How we cite our quotes: (Scene, Line numbers)
Quote #1
RECRUITER: How can you muster a unit in a place like this? […] No notion of word of honour, loyalty, faith, sense of duty. This place has shattered my confidence in the human race, sergeant. (I, 3-13)
The first line of the play sounds like something someone might think about the main characters of Mother Courage. Namely, that they don't care much about principles. Who knows? Maybe their actions "shatter" our own confidence in the human race.
Quote #2
MOTHER COURAGE: Courage is the name they gave me because I was scared of going broke, sergeant, so I drove me cart right through the bombardment of Riga with fifty loaves of bread aboard. They were going mouldy, it was high time, hadn't any choice really. (I, 75-79)
If you think Mother Courage is out to impress you with a story about her valiant conduct, well, forget about it. She makes it clear that, even when she seems to be acting "courageously," she doesn't think much about the virtues of her actions. What's more important is that she needs money to survive.
Quote #3
THE GENERAL slapping Eilif on the shoulder: Now then, Eilif my son, into your general's tent with you and sit thou at my right hand. For you accomplished a deed of heroism, like a pious cavalier, and doing what you did for God, and in a war of religion at that, is something I commend in you most highly, you shall have a gold bracelet as soon as we've taken this town.
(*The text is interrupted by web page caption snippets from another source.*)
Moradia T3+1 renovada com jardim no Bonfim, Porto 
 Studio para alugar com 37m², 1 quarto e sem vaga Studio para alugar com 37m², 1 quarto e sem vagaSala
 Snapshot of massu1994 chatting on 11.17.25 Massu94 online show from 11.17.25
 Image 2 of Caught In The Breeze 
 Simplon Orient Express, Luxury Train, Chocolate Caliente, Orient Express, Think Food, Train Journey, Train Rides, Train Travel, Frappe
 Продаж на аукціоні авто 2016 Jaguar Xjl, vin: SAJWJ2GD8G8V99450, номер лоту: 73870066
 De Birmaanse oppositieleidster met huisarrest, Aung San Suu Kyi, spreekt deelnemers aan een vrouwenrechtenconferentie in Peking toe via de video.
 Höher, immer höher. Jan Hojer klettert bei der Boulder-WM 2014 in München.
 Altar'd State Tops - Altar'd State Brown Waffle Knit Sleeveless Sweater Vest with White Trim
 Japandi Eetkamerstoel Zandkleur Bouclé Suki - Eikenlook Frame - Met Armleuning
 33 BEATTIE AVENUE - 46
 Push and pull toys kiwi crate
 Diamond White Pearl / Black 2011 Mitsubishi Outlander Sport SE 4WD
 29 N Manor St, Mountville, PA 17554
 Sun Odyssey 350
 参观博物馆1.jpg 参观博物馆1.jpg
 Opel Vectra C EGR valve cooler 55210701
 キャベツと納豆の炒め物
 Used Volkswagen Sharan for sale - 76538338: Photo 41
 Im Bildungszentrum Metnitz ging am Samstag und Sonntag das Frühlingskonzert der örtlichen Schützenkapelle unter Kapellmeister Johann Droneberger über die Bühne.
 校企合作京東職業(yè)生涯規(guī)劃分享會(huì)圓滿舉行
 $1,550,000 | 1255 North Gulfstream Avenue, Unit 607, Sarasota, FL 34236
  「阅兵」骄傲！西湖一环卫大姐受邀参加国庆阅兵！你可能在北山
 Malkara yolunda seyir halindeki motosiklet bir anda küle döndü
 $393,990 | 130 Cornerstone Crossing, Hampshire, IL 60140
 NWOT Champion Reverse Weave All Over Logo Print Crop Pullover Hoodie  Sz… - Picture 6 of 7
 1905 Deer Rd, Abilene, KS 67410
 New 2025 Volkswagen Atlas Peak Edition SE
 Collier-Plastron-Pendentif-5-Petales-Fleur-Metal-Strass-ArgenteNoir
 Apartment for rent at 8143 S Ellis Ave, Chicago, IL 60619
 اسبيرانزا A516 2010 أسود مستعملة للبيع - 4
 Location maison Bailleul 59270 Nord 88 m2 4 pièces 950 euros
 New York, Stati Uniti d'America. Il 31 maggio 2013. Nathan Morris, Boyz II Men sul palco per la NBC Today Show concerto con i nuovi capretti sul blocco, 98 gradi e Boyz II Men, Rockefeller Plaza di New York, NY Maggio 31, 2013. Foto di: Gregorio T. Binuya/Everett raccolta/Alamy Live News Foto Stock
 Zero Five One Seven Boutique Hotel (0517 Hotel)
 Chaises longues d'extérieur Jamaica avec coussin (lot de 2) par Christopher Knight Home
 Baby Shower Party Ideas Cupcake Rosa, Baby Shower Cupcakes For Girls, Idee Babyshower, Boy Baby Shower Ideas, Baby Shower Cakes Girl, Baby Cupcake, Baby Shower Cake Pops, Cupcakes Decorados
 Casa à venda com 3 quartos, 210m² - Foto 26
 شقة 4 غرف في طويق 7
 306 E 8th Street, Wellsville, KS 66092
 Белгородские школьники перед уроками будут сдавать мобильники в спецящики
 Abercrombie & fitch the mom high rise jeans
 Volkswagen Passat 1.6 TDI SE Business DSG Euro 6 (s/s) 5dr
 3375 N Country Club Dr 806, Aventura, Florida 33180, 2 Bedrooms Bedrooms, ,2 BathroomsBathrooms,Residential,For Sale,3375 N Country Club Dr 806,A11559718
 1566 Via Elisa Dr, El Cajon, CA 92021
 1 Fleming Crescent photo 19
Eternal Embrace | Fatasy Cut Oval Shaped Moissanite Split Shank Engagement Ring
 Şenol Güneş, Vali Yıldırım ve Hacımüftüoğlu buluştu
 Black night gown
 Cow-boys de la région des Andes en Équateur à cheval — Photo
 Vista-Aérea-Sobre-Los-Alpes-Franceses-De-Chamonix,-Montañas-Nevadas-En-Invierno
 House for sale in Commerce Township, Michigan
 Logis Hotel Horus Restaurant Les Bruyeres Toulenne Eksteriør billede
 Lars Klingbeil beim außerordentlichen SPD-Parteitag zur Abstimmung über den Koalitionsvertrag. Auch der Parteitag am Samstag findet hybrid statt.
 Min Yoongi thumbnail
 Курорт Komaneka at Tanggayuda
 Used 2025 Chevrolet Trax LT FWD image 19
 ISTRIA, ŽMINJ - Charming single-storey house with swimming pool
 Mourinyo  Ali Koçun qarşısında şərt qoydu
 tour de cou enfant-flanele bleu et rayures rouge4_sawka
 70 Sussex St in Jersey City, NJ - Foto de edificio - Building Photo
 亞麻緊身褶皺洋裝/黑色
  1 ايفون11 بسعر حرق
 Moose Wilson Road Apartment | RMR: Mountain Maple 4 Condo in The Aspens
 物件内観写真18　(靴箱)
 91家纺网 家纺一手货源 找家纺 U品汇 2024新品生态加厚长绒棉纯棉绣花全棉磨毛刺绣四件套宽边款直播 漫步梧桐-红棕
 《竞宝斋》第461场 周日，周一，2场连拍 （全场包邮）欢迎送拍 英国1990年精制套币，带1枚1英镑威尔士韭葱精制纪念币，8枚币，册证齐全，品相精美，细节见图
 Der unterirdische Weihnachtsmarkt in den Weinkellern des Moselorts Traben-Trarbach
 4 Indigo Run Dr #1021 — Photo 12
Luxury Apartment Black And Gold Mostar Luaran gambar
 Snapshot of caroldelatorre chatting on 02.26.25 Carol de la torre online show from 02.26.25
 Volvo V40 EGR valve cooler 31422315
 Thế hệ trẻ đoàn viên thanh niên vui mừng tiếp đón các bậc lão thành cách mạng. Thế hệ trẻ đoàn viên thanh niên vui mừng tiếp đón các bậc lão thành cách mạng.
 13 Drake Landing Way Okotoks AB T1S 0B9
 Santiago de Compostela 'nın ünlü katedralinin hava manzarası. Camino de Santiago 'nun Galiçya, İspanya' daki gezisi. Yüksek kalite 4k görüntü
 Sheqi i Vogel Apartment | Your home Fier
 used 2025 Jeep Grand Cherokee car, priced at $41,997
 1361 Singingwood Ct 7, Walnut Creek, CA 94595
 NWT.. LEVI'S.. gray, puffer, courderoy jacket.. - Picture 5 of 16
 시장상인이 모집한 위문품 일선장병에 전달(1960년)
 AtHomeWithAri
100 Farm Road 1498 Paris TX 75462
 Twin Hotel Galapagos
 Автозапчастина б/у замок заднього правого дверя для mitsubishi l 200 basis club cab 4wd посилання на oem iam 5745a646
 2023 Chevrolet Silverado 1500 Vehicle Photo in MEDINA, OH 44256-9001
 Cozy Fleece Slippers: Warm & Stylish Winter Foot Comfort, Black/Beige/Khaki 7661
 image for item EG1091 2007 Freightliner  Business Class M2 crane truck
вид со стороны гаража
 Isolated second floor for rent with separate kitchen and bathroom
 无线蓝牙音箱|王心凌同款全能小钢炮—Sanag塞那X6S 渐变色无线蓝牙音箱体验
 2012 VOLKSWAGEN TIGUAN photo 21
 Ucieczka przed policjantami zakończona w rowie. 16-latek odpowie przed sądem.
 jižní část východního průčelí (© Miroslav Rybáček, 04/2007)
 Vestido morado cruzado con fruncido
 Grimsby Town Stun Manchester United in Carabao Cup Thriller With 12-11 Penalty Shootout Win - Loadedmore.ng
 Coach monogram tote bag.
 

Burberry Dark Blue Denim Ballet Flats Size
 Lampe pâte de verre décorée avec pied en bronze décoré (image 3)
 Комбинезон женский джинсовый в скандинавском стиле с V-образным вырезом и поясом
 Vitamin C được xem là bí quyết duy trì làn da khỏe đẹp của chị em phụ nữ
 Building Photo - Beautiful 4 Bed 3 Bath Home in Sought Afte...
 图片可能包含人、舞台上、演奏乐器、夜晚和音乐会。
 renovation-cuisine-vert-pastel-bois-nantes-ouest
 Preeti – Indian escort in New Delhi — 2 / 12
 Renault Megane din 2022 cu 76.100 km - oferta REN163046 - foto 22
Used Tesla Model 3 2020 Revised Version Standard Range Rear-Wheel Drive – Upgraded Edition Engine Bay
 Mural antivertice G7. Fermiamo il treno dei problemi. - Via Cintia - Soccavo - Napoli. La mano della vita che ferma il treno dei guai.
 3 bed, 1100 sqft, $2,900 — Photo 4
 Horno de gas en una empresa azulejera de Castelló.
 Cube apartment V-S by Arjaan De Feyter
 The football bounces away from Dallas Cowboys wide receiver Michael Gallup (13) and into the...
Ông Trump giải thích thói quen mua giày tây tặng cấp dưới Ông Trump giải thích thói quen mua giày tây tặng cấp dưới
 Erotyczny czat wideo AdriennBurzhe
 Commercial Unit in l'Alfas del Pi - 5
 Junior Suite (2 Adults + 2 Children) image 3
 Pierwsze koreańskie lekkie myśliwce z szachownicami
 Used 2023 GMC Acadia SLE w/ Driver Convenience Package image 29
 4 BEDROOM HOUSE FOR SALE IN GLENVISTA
Here we are, come to save their souls for them, and what do those insolent dung-encrusted yokels go and do? Drive their beef away from us. They stuff it into those priests of theirs all right, back and front, but you taught 'em manners, ha! So here's a pot or red wine for you, the two of us'll knock it back at one gulp. (II, 45-56)
"For God"? For hamburgers is more like it. When we read this line, it's hard not to notice the way the general extols Eilif's virtues, claiming he acted "for God," only to emphasize a seemingly more important point: Eilif has found a way to feed the army. Eilif didn't steal cattle to please the Lord; he stole cattle to get something to eat.